This is continuing coverage of the Fat La Ruta race that was recently completed in Costa Rica. Thanks to Will Muecke of Team CoreCo for the story! You can see Part 1 of the Fat La Ruta coverage here.

MOUNTAINS OF THE MOON: FAT LA RUTA, DAY 2 (TERRAMALL TO CATIE, 80KM, +3,200M ASCENT)

Day 2 started out with a bit of a Costa Rican push. The elite riders coming from the hotel got hung up in traffic, so the race got underway 45 minutes later than scheduled. So much for the 3:30 am wake up.

Wide-eyed adrenaline stares turned to sleepy nods, and everyone found a spot of concrete in the starting pen to sit down and wait. Team CoreCo, wearing a mix of this year’s Fatbiker pink and purple kit and some of last year’s fluorescent jungle green motif, looked like a bag of spilled jellybeans among the seated crowd. Finally, the bus with the pros arrived and we were up on our feet and on our way.

Will Muecke, Team CoreCo captain and Fat La Ruta racer.

Will Muecke

Elias lined up with the pros at the start and so was our in the lead pack from the start. Jim Meyer was caught in the back behind some of the larger waves of riders leaving the starting chute and had to sprint up through a surging pack to catch Elias’ wheel. The tight turns in and out of the streets of Tres Rios where the Terramall start is located made for some big bunch ups in the pack, luckily none of them resulting in major crashes or snarl ups.

As the group ascended on the main blacktop road out of town the from group fractured and the pros were off in a hell-bent sprint to the summit of Irazu, a dormant volcanic cone that peaks at 3,800 meters above sea level, and is +2,000 meters above the Terramall start.

Elias Van Hoeydonck

Elias Van Hoeydonck

The fat-bikers were stoking it that morning. Marco, Elias and Wayne were cranking away at the front. Jim Meyer was hanging with them not yielding any time, with Ligia pulling up and ahead in the women’s overall group on her fat bike.

Ligia Madrigal

Ligia Madrigal

Ligia rode this stage multiple times on her fat-bike in training, and knew that there was an advantage to be gained in the big footprint tire as the group climbed into steeper terrain and approached what the race organizer, Roman, called his “surprise gift” for the racers that day: a section of off-road double track that exceeded 27-degrees in places and snaked up and thought the high volcanic coffee fields on the way to the summit.

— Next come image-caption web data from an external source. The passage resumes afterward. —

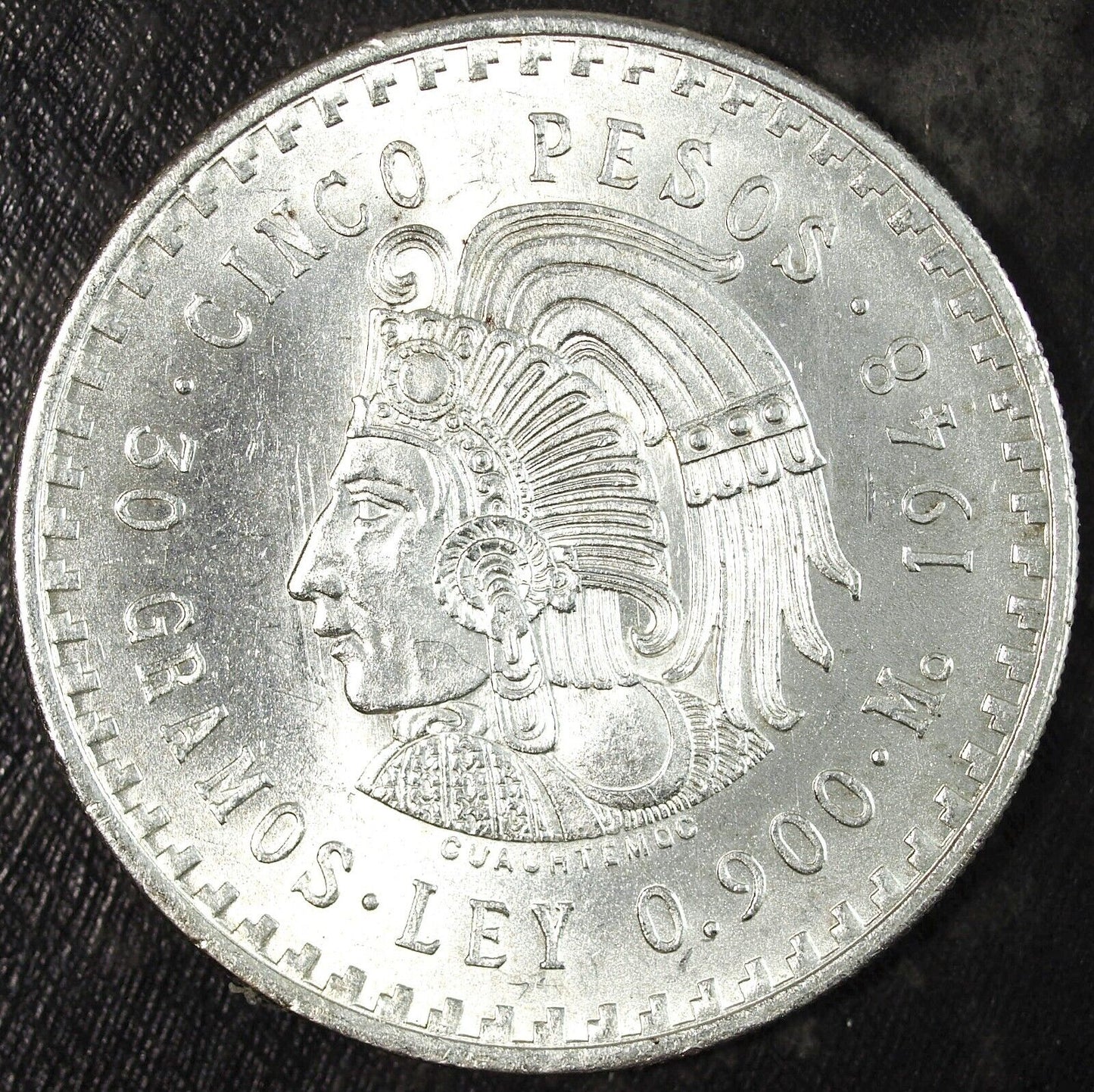 1948 Mexico Cinco 5 Pesos Silver Aztec Cuauhtemoc Uncirculated ☆☆ 311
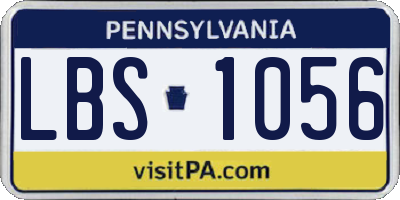 PA license plate LBS1056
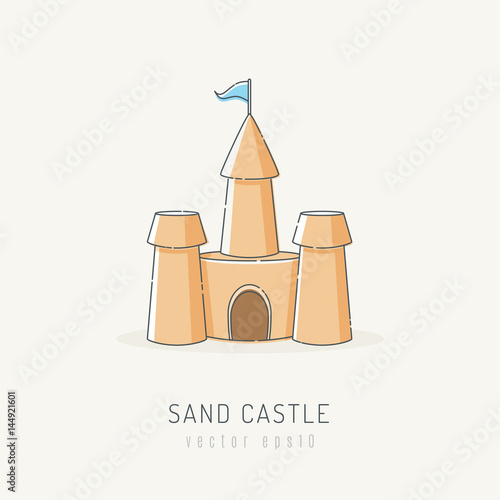Sand castle vector illustration in scribble style with pastel colors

Elias and Jim ripped into this section, and started putting distance between them and the rest of the field. Topping out at the summit, it was the two fat-bikers who tore down the backside of the mountain and passed many elite riders walking down the more dangerous, technical descents that Elias and Jim took at speed.

Much was the same story with the other fat-bike competitors. Cresting the summit and pointing the fatties downhill, you found yourself yelling “PERMISO!!” loud and often trying to clear the more cautious riders from the trail in front of you.

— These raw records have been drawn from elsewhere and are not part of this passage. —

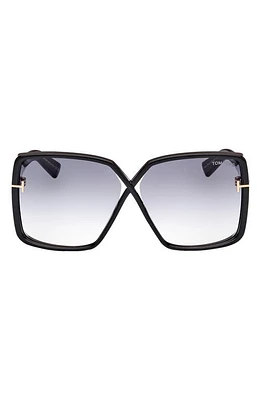 TOM FORD Yvonne 63mm Oversize Gradient Butterfly Sunglasses in Shiny Black /Grad Smoke at Nordstrom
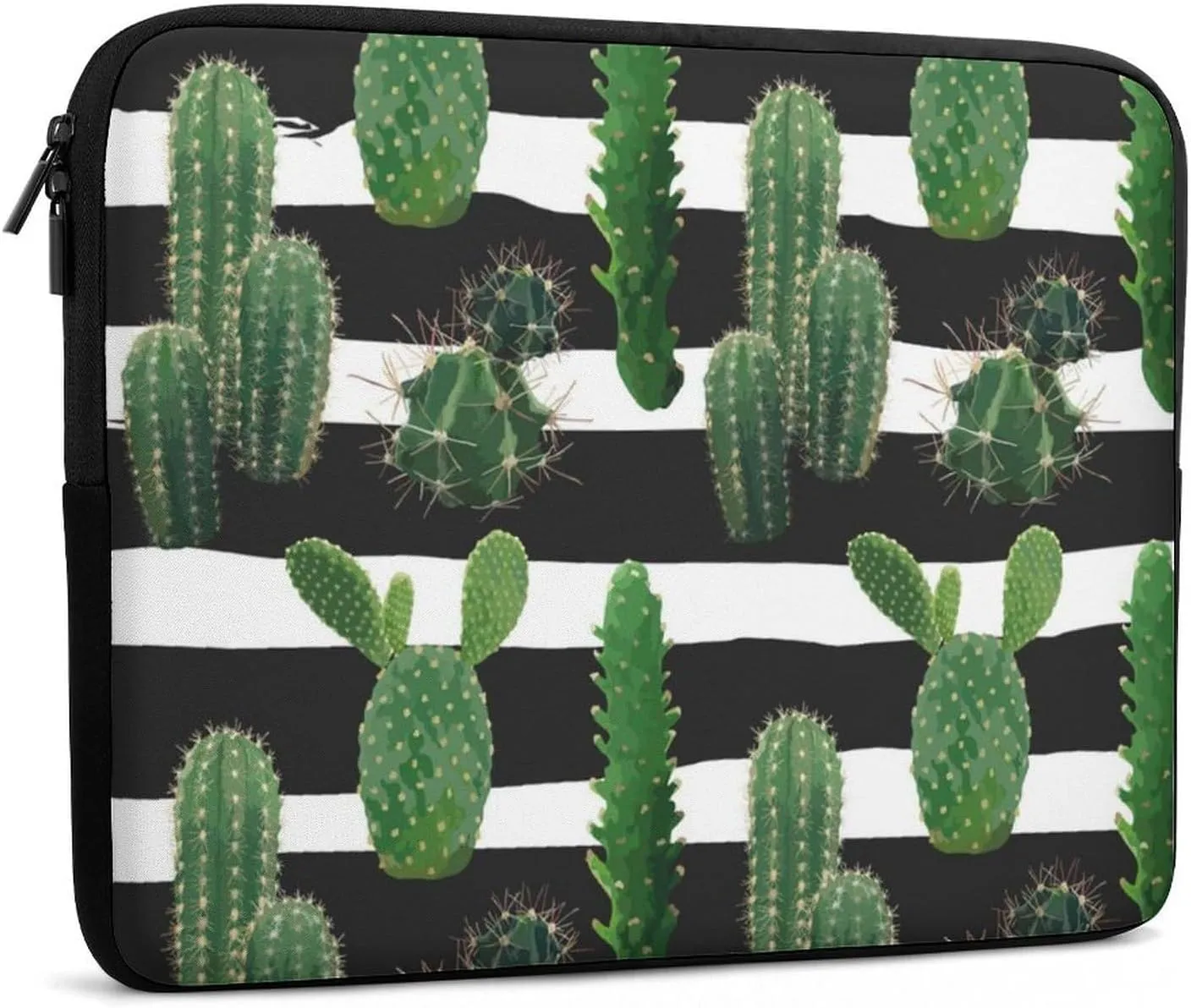Cactus On Stripes Personalized Laptop Bag Business Casual Laptop Case Slim Computer Bag Briefcase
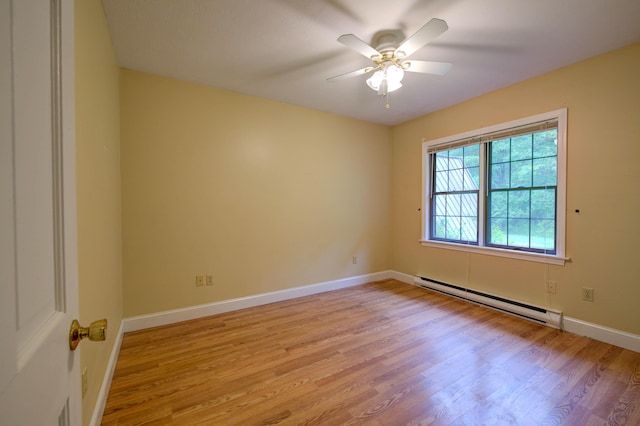 4 Cheshire Meadows Ln Unit 4, Kennebunk, ME 04043 - spare room featuring a baseboard heating unit, light wood-style floors, and ceiling fan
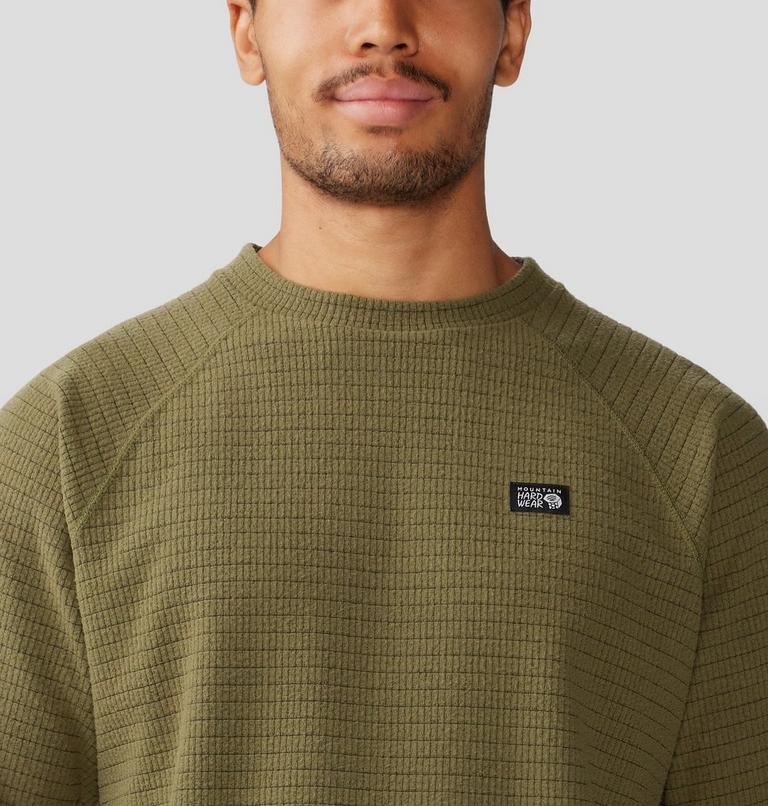 Men's Summit Grid Long Sleeve Crew, Color: Combat Green, image 4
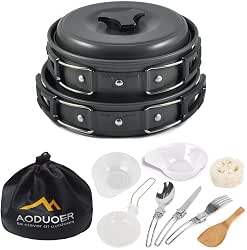Camping Cookware Mess Kit Outdoor Cooking Equipment Cookset Camp Pot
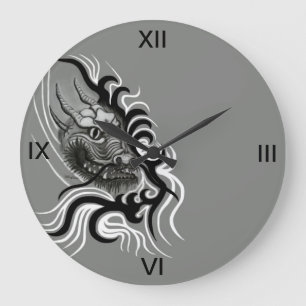 China Dragon in Tattoostyle Large Clock
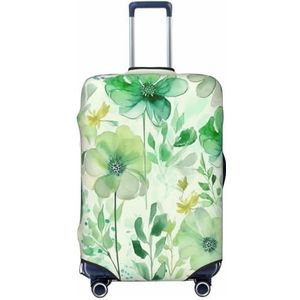 NONHAI Reizen Bagage Cover Koffer Protector Aquarel groene bloemen Elastische Wasbare Stretch Koffer Protector Anti-Kras Reizen Koffer Cover Fit 18-32 Inch Bagage, Zwart, M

Almost the full first half of the day is a solid, straight up climb, the second half of the day, except for a short, stepped ascent over the top of the second (active) volcano of Turrialba, is all about the descent – all 90-minutes of it.

While the approach to Turrialba gives a view of the burnt shoulder of the mountain, its forests ashen from the searing heat of pyroclastic flows that spilled over and out earlier in the year, no rider really gets much tome to take in all of that gorgeous view.

The descent from Turrialba is a fast one for any rider, but that same descent on a fat-bike is a pure screamer. The last technical stretch of Turrialba’s descent is a downhill that most riders gingerly pick their way down on foot, but turned over to a competent pilot on a fat-bike, that same stretch is a high-speed playground.

I liken the use of a fat bike for these fast, technical descents is like using crud-busting powder ski on the backside of the mountain once you trek away from the boundaries of the lift-accessed pistes. And just like having multiple skis in your quiver so you can go from a skinny, front-side carver to a wide-waisted backcountry bomber, the choice of a fat-bike on these crazed descents gives you a set of tires that float more than bite, and a frameset and (carbon!) fork that rides like a possessed beast heading for home.

Coming out of the technical dirt tracks the final downhill kilometers are sweeping arcs of paved, linked S-turns. The hazard there is speed and loss of friction in the apex. A wet patch or mossy corner can send bike and rider airborne.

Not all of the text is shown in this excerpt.